The consequence must always be that we, in our separation from God in his perfect personhood as love, have all the effects in our persons of our wrong way of living; and those constitute the wrath of God, experienced not in Him but in us. This was well put by Paul in speaking of the effects of certain sins in Romans 1–that we receive in ourselves that recompense of our error which is meet. Quite naturally, to fallen man–seeing only with the external eye–it appears as though God is the God of wrath imposing punishment on us; and it is good in our blindness that we do see it as that, for then the fear of the Lord is the beginning of wisdom. But to continue in that misconception of God as the God of punishment and wrath after we have become His children by grace, and so should know better, leaves so many people who are justified squirming under the misapprehension that God is punishing them or has deserted them. Even when we read the words of Moses or Paul about God hardening Pharaoh’s heart—and that God raised him up to show His power through the hardening—we should understand that the hardening was actually in Pharaoh’s persistent refusal to respond to Moses’ word of the Lord to him; so the hardening was of his own heart and in himself, as one who had his being in God and was cursing his being. That is the truth of God’s wrath in his rebellious sons, for as Paul said, the truth concerning Him is that “God has shut them all up in unbelief that He might have mercy on all” (Rom. 11:32, margin), not judgment on them.
Actually, what did God give Adam and Eve in that crisis interview? The answer is in what was addressed to the serpent: “You have sown your seed of enmity in My human family, so that they are your children. But I have a seed [one seed, Galatians 3:16] of this woman, My eternal Christ, the Lamb slain from the foundation of the world; and in all who receive Him, that Seed will destroy your seed and crush your head, though wounded by you in the process.” That promise was experienced in its truth by Adam and Eve’s second son Abel, to whom God first witnessed that he was justified with the offering of a slain lamb, the first symbol of an atoning death as the gateway to life. And Adam and Eve, as they covered themselves in the skins from slain animals, with which God provided them, must have seen this as the first symbol of atonement. So all God gave them, after this first disobedience that separated them and us from Him, was His all-conquering grace. That grace was in the One who, from that first moment, they could and did receive by faith, and who freed them from eternal death.

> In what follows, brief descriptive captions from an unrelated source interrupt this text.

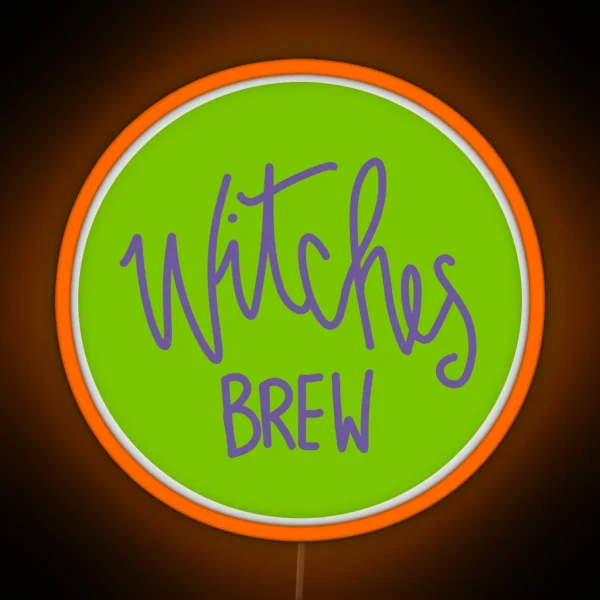 Witches Brew RGB Neon Sign
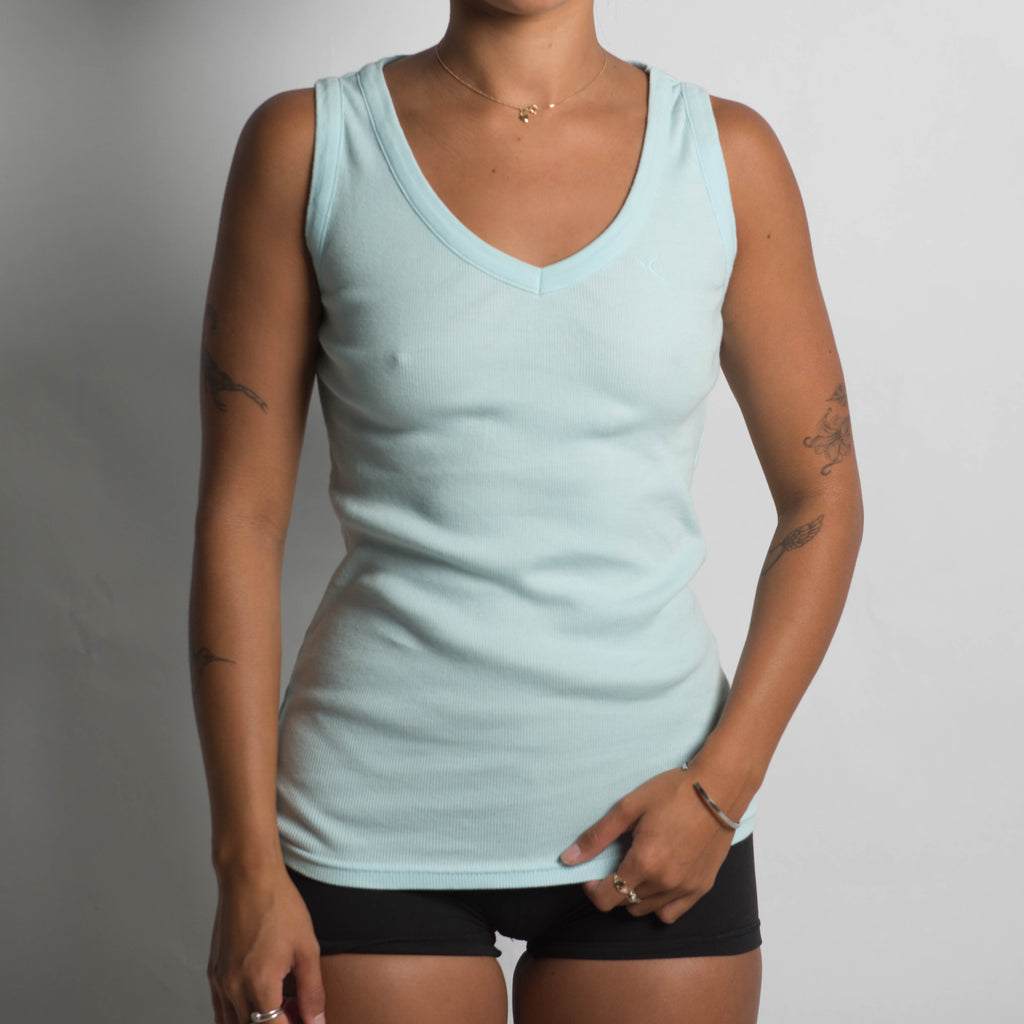 LIGHT BLUE ACTIVE TANK TOP
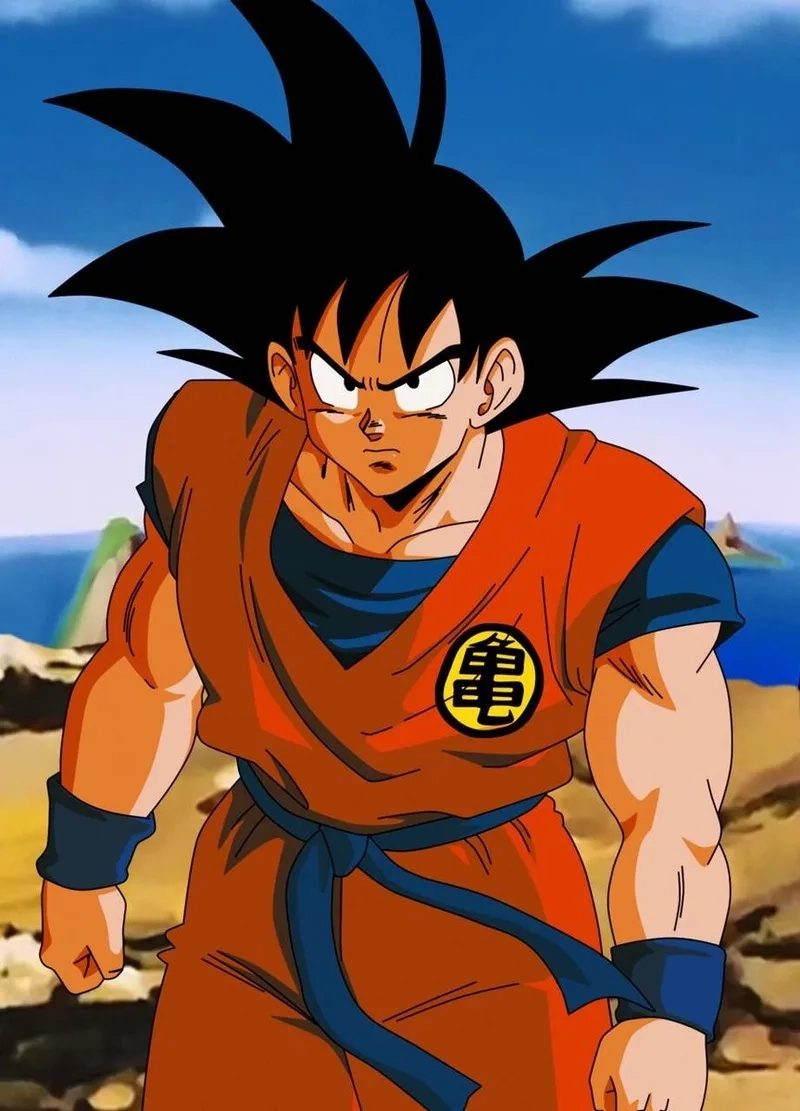 Những hình ảnh Goku blue hair được yêu thích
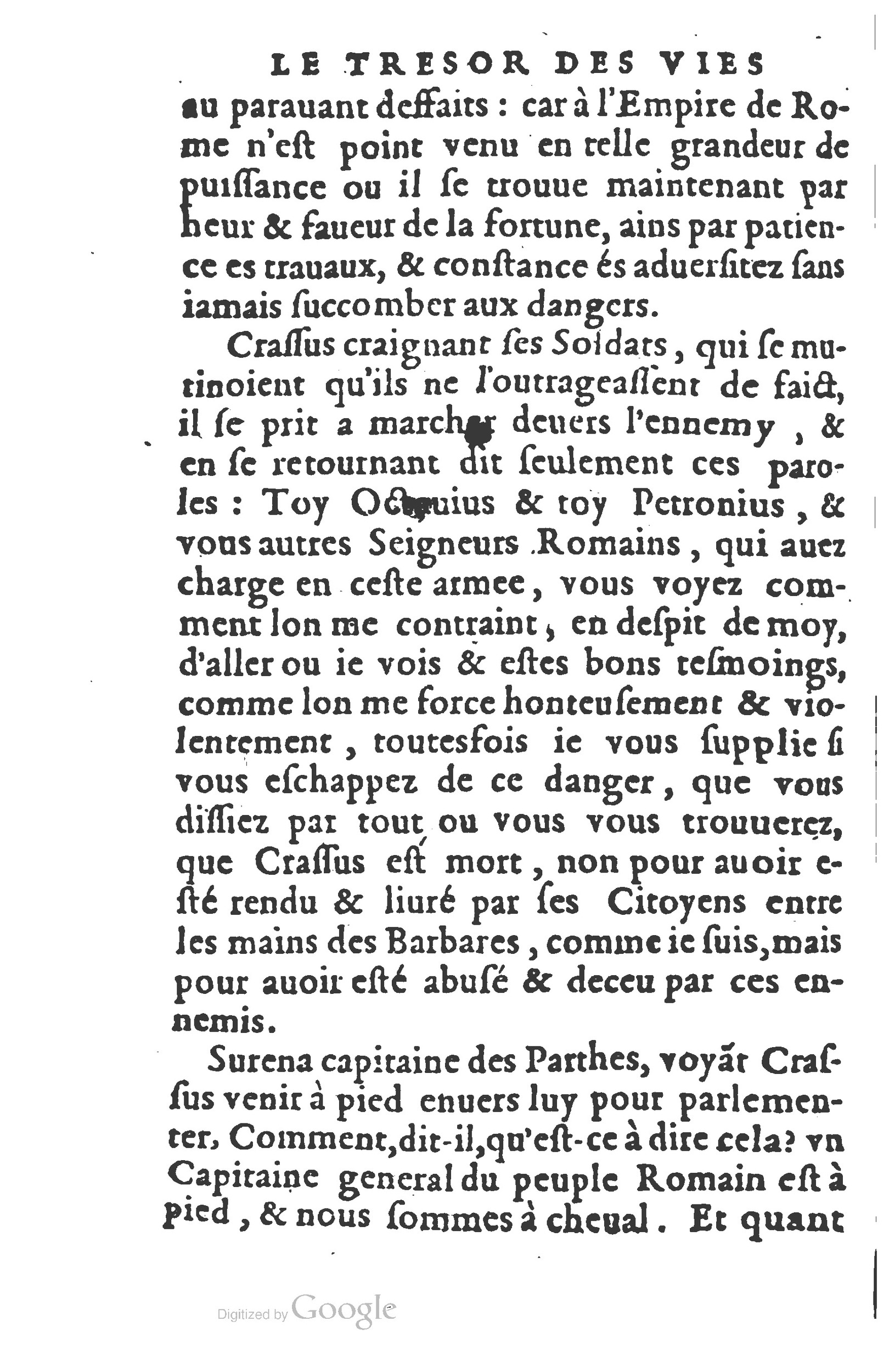 1577 - Claude Micard - Trésor des vies de Plutarque - BSB Munich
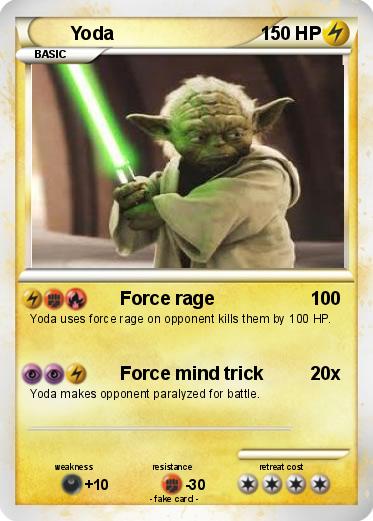 Pokemon Yoda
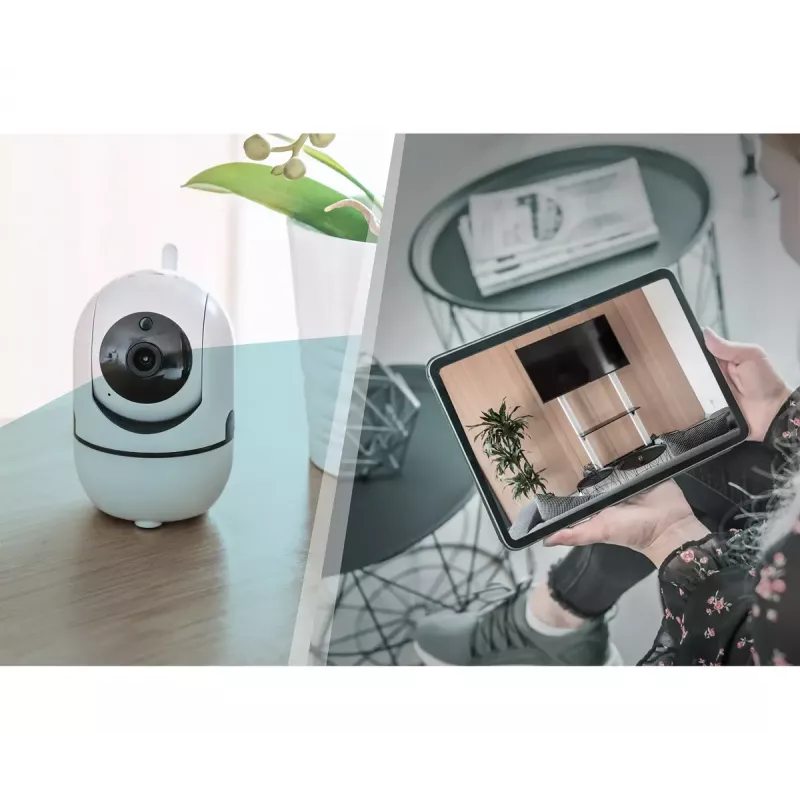 IP apsaugos kamera Digitus Smart Full HD PT vidaus kamera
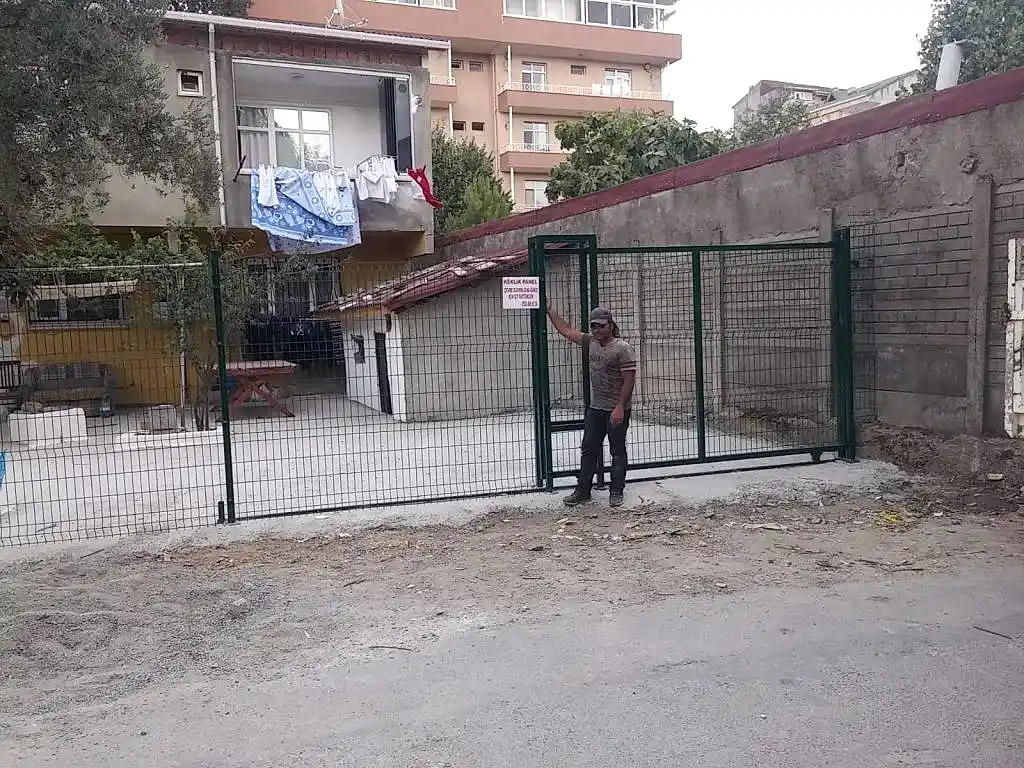 Keklik Panel Çit Sürgülü Kapı Uygulamaları 5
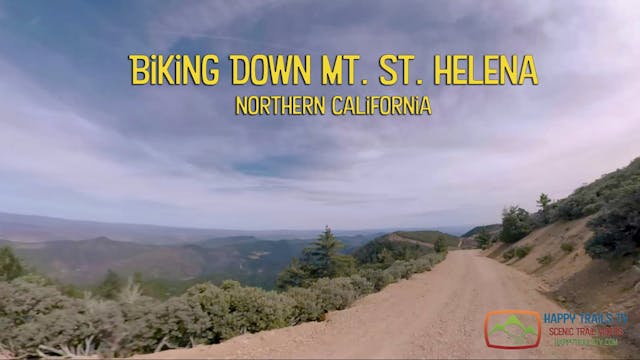 Mt. St. Helena Mountain Bike Descent ...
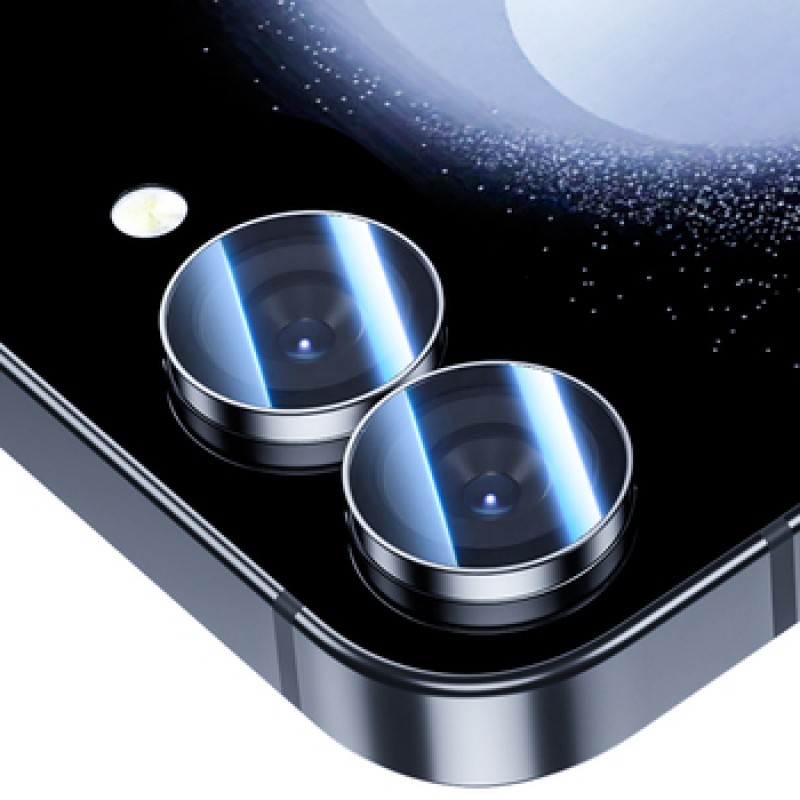 Προστατευτικό Κάμερας Benks Tempered glass Glass Warrior Lens Protector on camera (2τμχ) Samsung Galaxy Z Flip6 Black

But the necessity still remained–again we say that for us to become reliable sons in the love-purposes of the Father throughout eternity, we must drink to its dregs the reality of the opposite–the misuse of the self in self-centeredness. We must so know it to the depth of its wrongness and mystery that, once we are wakened from our blindness in seeking to make the false way be the true, our disgust and hate and disillusion are so total that, when and if there is a way of escape, we’re “not going to go back to that again.” In that we have one secure basis for our new “reversed way” of life. Even if we visit the old haunts under the lure of temptation (as it were, when God is not looking), we’re not staying there. Guilt, shame, repentance, confession bring us shamefacedly back. Thank God, “once bit, twice shy.” A competent professional has learned and discarded the wrong way of practicing his trade. And so have we! Once again it is Paul’s “O the depth of the wisdom and knowledge of God”—for God foresaw and provided for the necessity of the human race going the death-way and experiencing its vanity before we could confidently tread the life-way. We are safe as well as saved sons; not one stage in our history is out of place, the negative any more than the positive.